### Work instructions
The line containing "Frye Melissa Washed" and each line after it, through the final line of the data, are to be retyped exactly, with pictures left out.

++++ Dataset section ++++

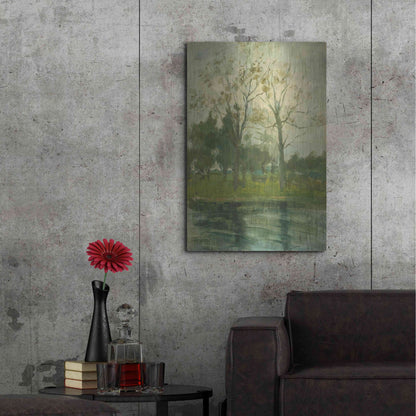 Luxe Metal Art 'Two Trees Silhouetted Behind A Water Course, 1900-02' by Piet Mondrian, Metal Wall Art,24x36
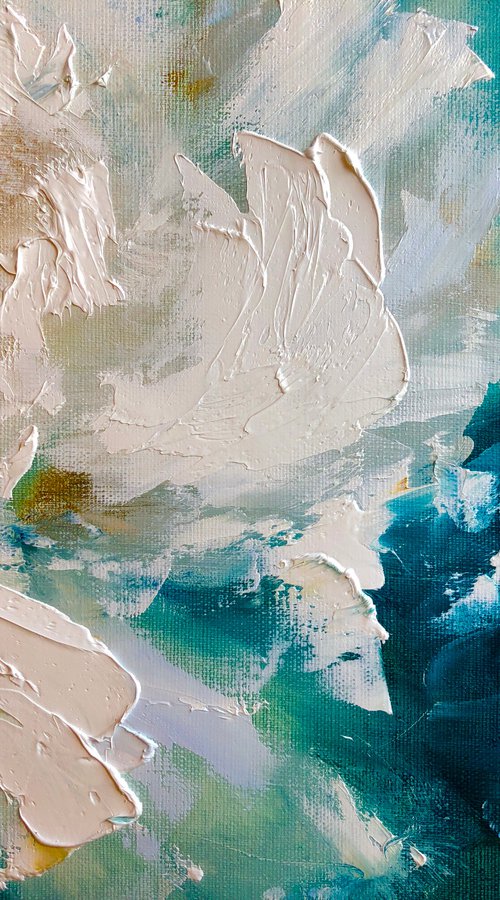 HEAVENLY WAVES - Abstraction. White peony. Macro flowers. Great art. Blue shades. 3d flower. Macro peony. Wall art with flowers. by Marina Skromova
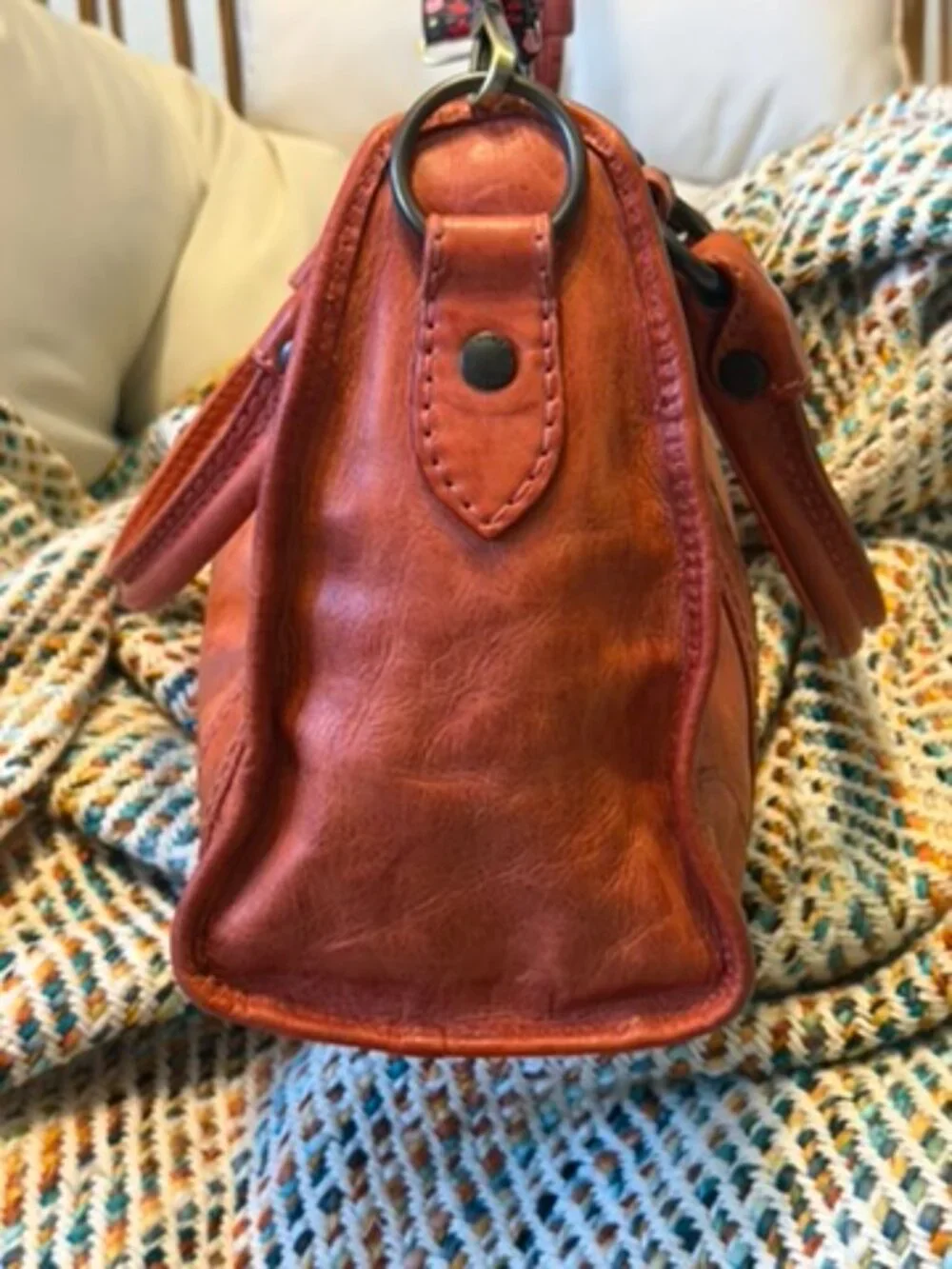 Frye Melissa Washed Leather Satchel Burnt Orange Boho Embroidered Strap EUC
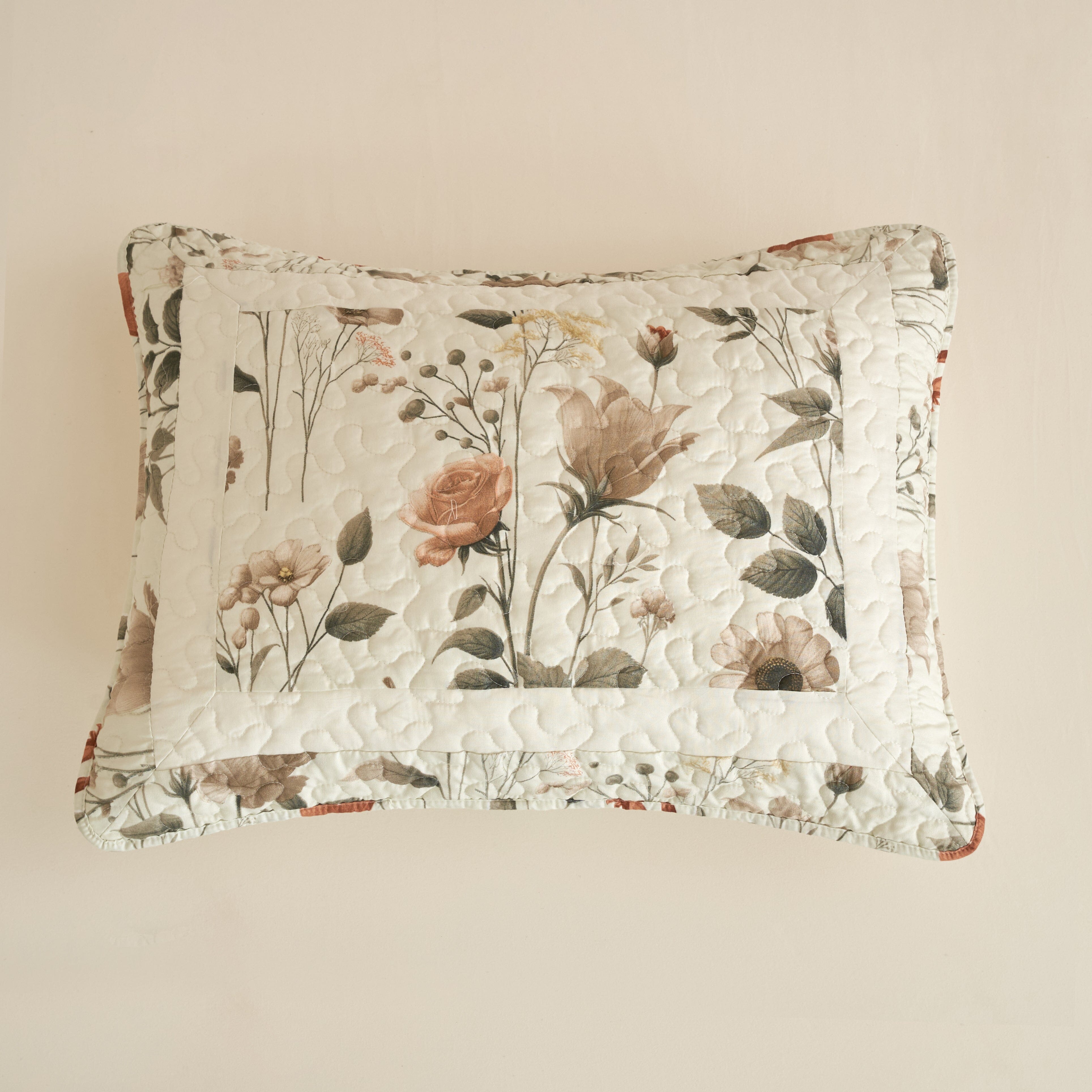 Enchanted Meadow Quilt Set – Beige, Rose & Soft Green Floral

++++

### The answer
 Frye Melissa Washed Leather Satchel Burnt Orange Boho Embroidered Strap EUC
 Enchanted Meadow Quilt Set – Beige, Rose & Soft Green Floral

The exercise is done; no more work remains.